▶ **DATA TO EXAMINE**:
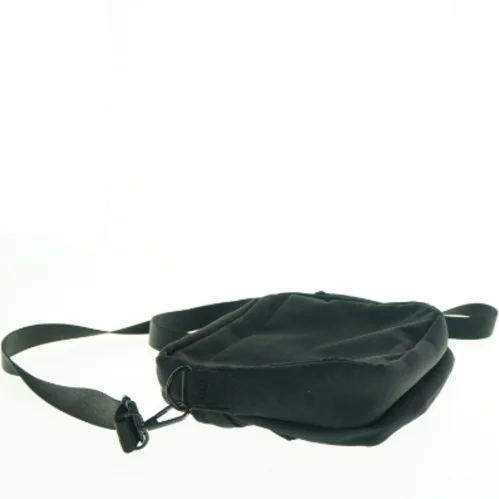 Sort skuldertaske (str. 22 x 20 cm)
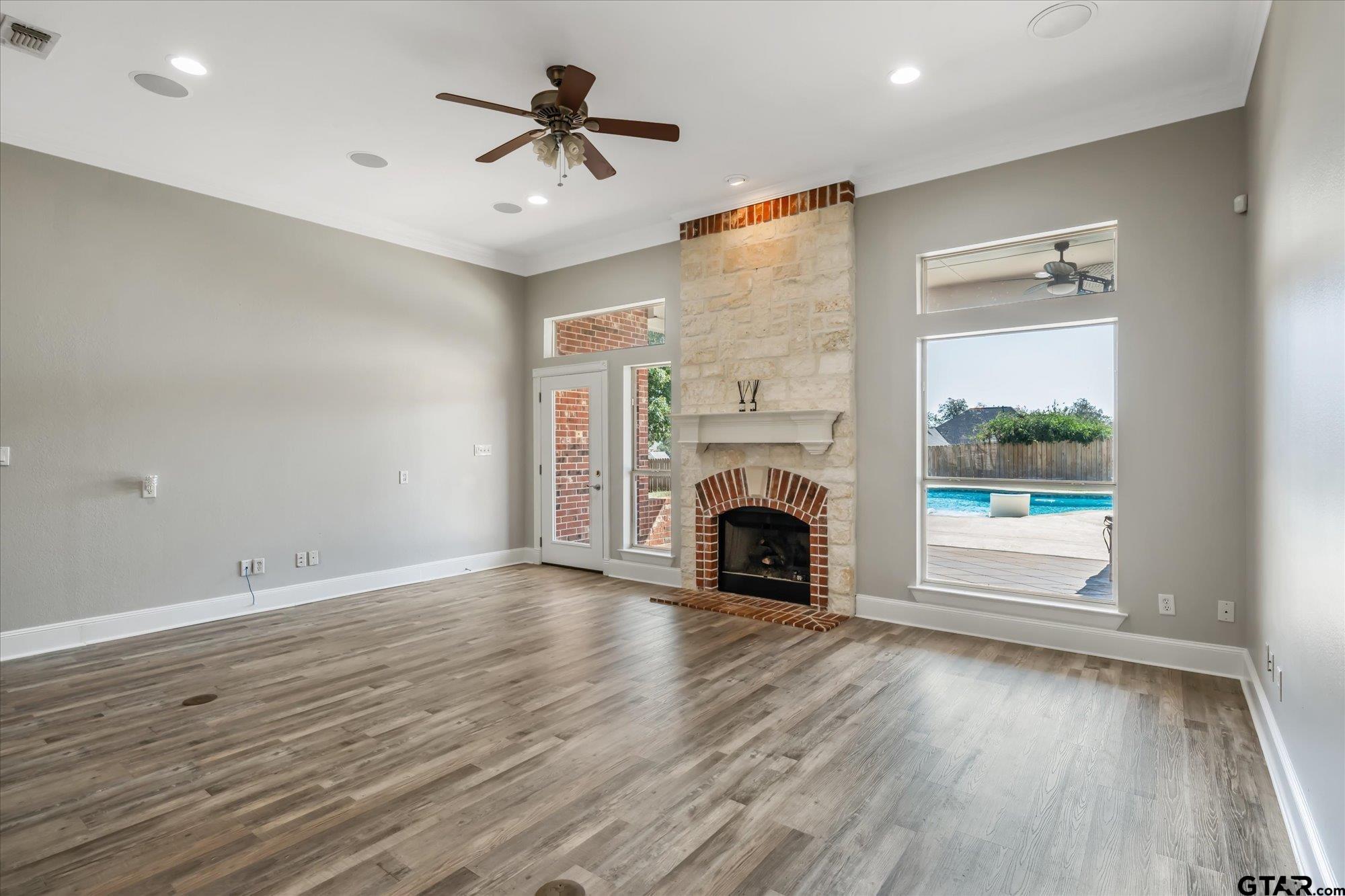 202 Pecan Park Dr.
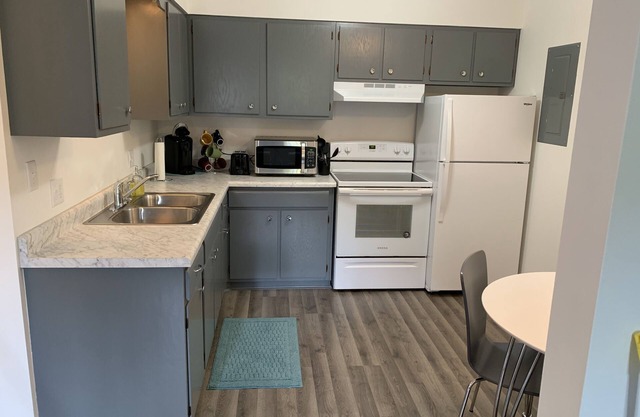 Walkable to restaurants pubs and the cruise ship. Central location Apartment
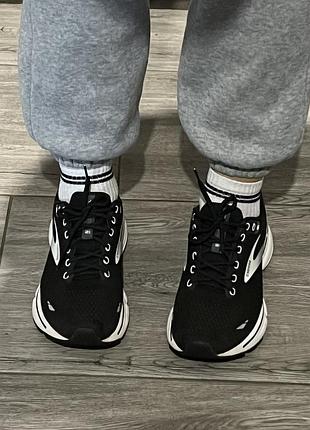 Бігові кросівки жіночі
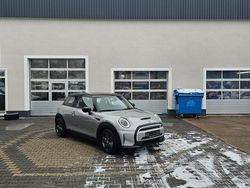 Melting silver iii Gebraucht 2023 Mini Cooper SE Kleinwagen | 20.990 € (Fairer Preis)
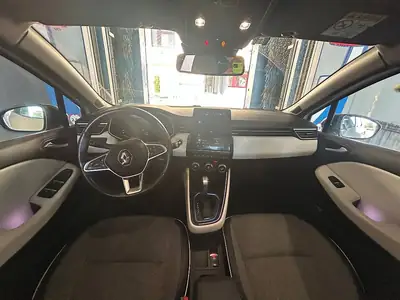 Renault Clio E-Tech Hybrid — Motorisation écologique et finitions premium — fianco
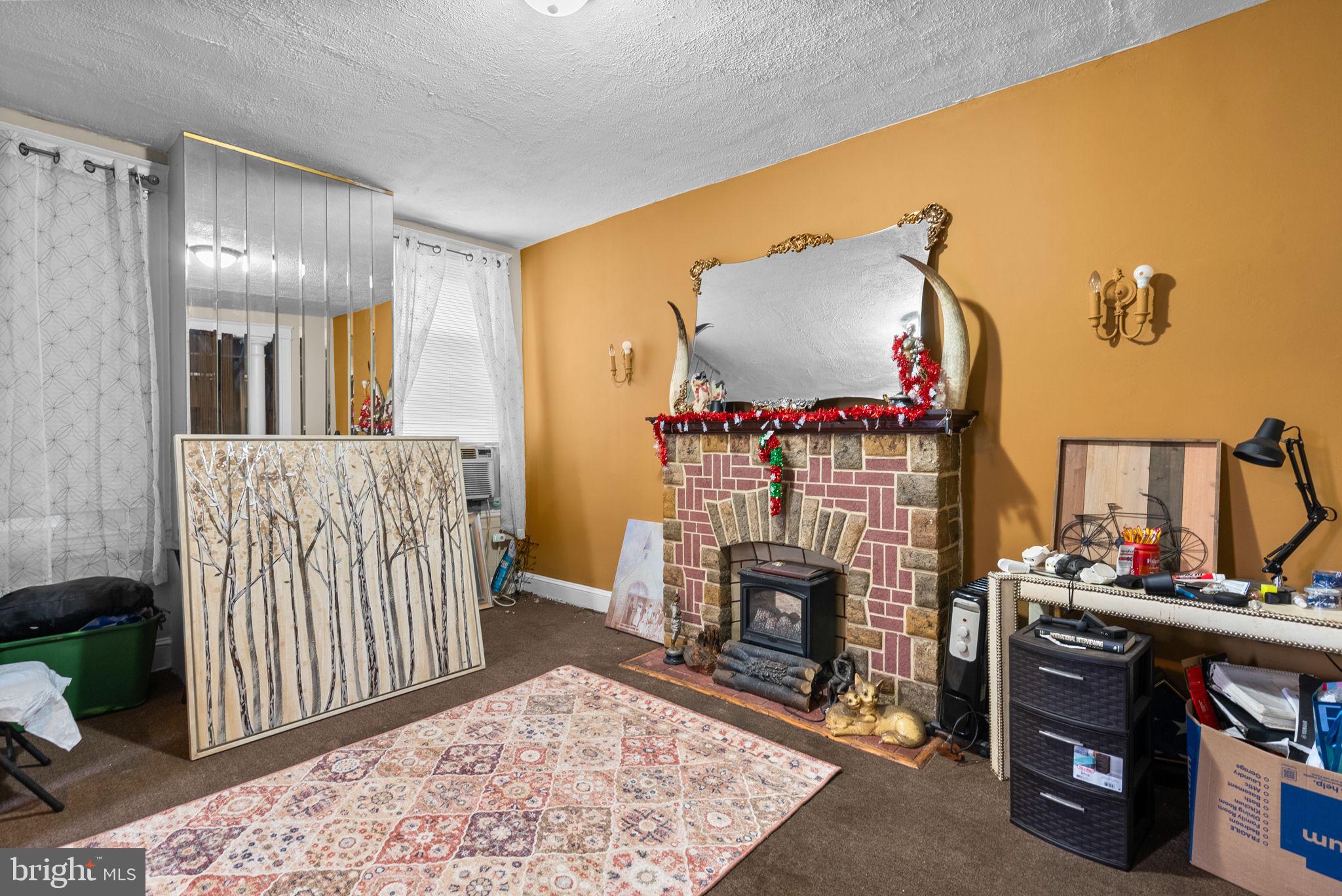 EASTERWOOD - Commercial Sale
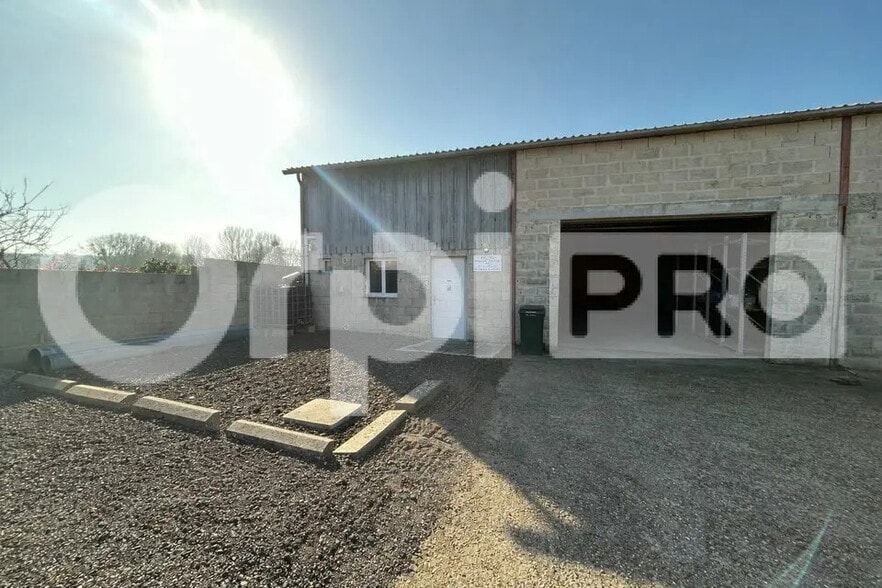 Local d’activités dans Compiègne à louer - Photo de l’immeuble – Image 1 sur 7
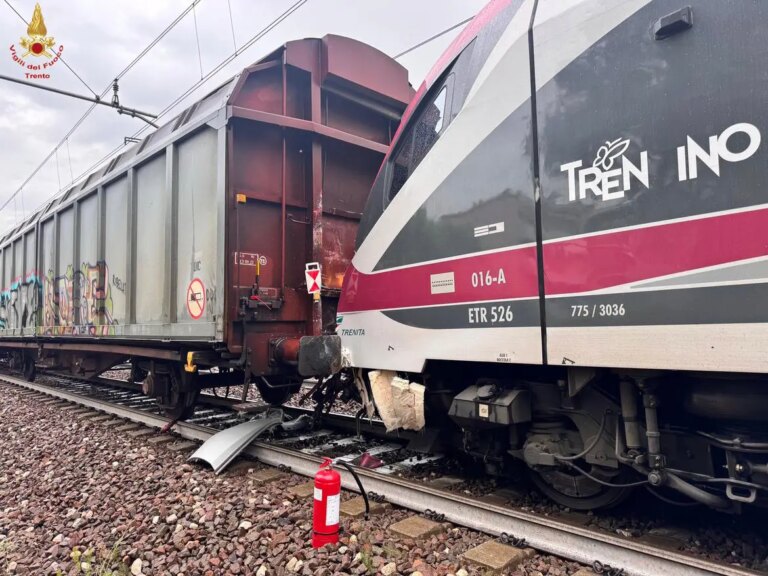 Urto fra un treno regionale ed un treno merci: tre feriti, sospesa la circolazione sul Brennero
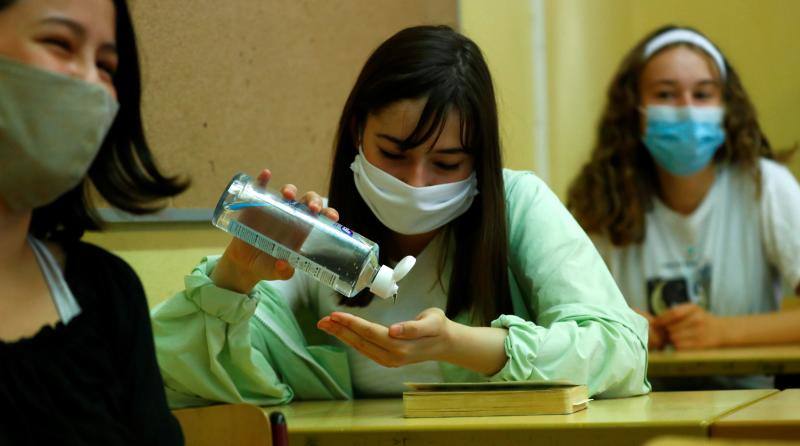 Los geles y las mascarillas se incorporan a las aulas la capital alemana. 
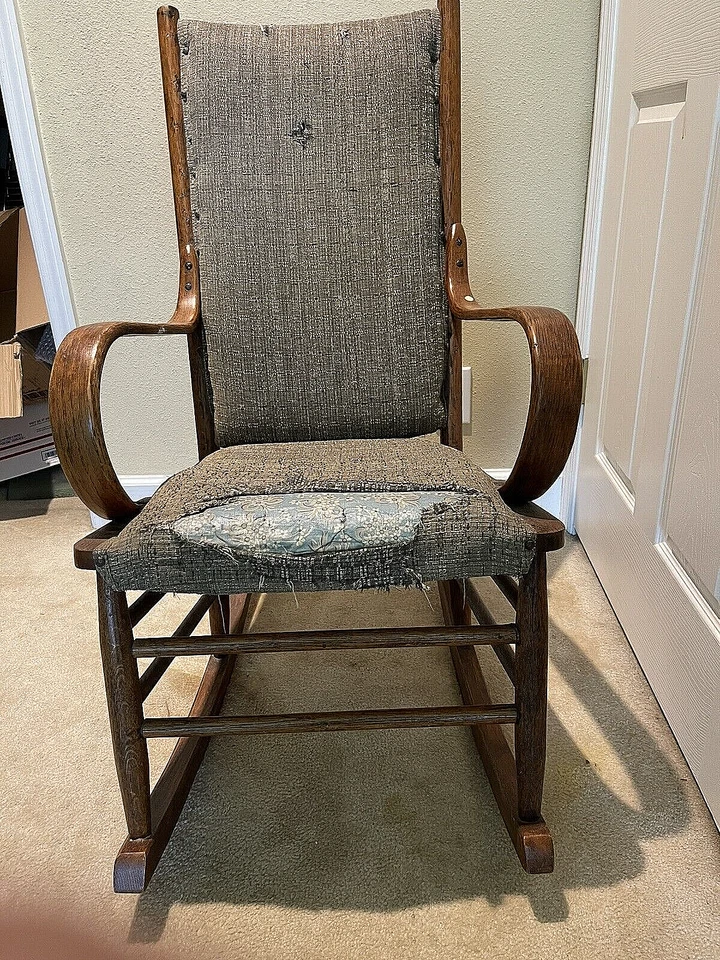 Mecedora antigua de nogal. Brazos de madera curvada. Foto 2 de 4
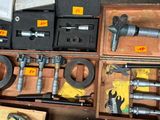 de nombreux outils de toutes sortes dans une boîte en bois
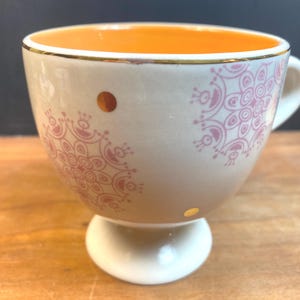 Anthropologie Footed Podest-Tasse Lavendel Mandala Design Orange Seltener Fund Bild 1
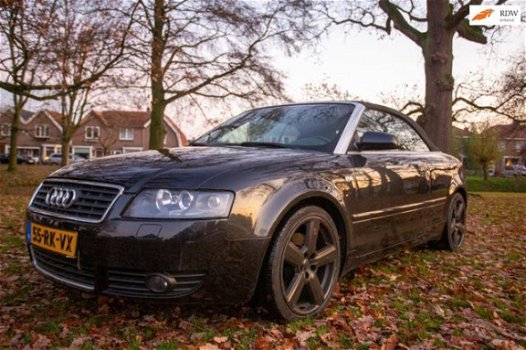 Audi A4 Cabriolet - 3.0 V6 Exclusive Nette Audi, met documentatie Krijgt bij aflevering nieuwe APK - 1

▶ **WHAT THE TASK REQUIRES**: Repeat the data exactly as written, but without the pictures.

▶ **EXERCISE RESULT**:
 Sort skuldertaske (str. 22 x 20 cm)
 202 Pecan Park Dr.
 Walkable to restaurants pubs and the cruise ship. Central location Apartment
 Бігові кросівки жіночі
 Melting silver iii Gebraucht 2023 Mini Cooper SE Kleinwagen | 20.990 € (Fairer Preis)
 Renault Clio E-Tech Hybrid — Motorisation écologique et finitions premium — fianco
 EASTERWOOD - Commercial Sale
 Local d’activités dans Compiègne à louer - Photo de l’immeuble – Image 1 sur 7
 Urto fra un treno regionale ed un treno merci: tre feriti, sospesa la circolazione sul Brennero
 Los geles y las mascarillas se incorporan a las aulas la capital alemana. 
 Mecedora antigua de nogal. Brazos de madera curvada. Foto 2 de 4
 de nombreux outils de toutes sortes dans une boîte en bois
 Anthropologie Footed Podest-Tasse Lavendel Mandala Design Orange Seltener Fund Bild 1
 Audi A4 Cabriolet - 3.0 V6 Exclusive Nette Audi, met documentatie Krijgt bij aflevering nieuwe APK - 1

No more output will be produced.